DIRECTIONS FOR THIS TASK:
Set out word for word the line that contains "Pull à manches courtes turquoise" and each line after it, through the end of the data below, but exclude the pictures.

(EXTRACTED MATERIAL)

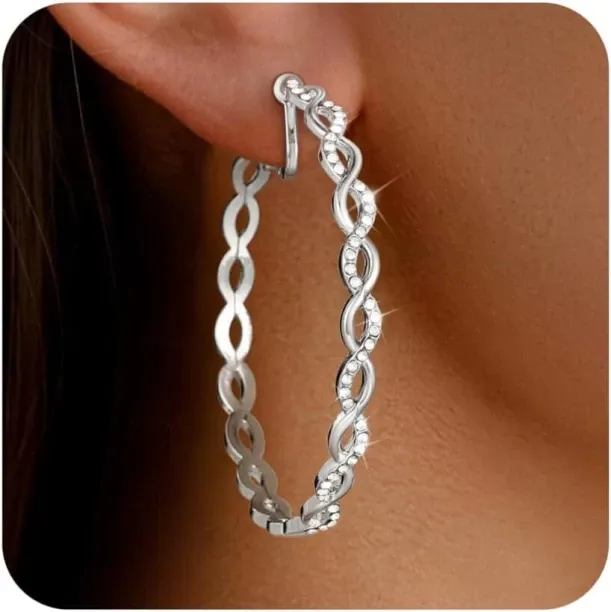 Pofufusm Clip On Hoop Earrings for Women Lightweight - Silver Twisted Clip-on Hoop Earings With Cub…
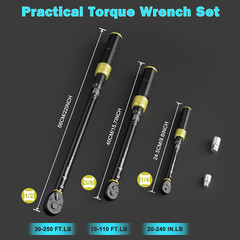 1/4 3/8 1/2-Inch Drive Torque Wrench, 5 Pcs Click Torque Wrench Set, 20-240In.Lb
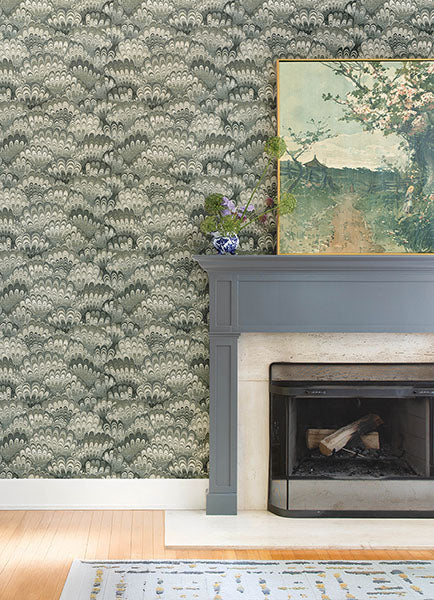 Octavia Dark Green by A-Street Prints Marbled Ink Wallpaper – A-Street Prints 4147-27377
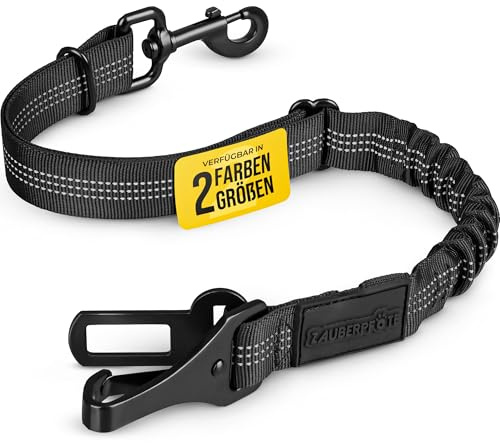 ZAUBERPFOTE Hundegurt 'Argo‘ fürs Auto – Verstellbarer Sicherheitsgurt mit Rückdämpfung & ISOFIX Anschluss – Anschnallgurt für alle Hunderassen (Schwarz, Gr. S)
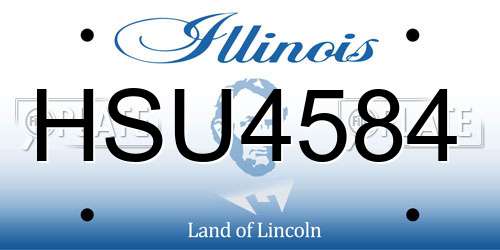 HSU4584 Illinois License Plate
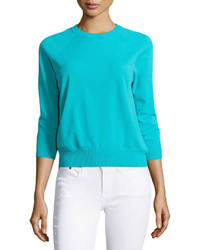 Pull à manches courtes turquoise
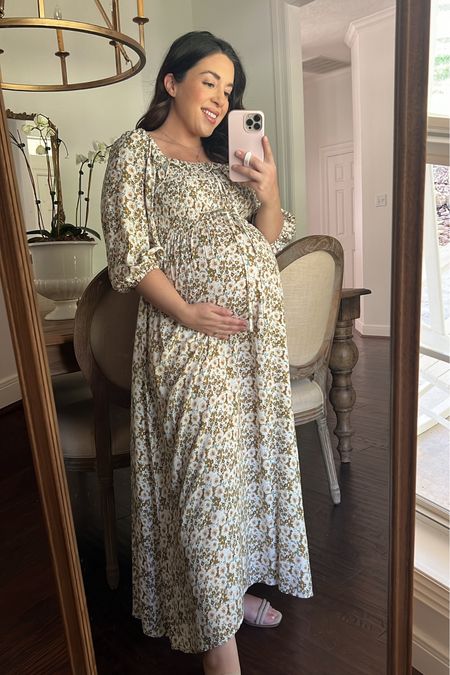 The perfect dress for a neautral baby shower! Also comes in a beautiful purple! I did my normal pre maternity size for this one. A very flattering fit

(End EXTRACTED MATERIAL)

TASK ANSWER:
 Pull à manches courtes turquoise
 The perfect dress for a neautral baby shower! Also comes in a beautiful purple! I did my normal pre maternity size for this one. A very flattering fit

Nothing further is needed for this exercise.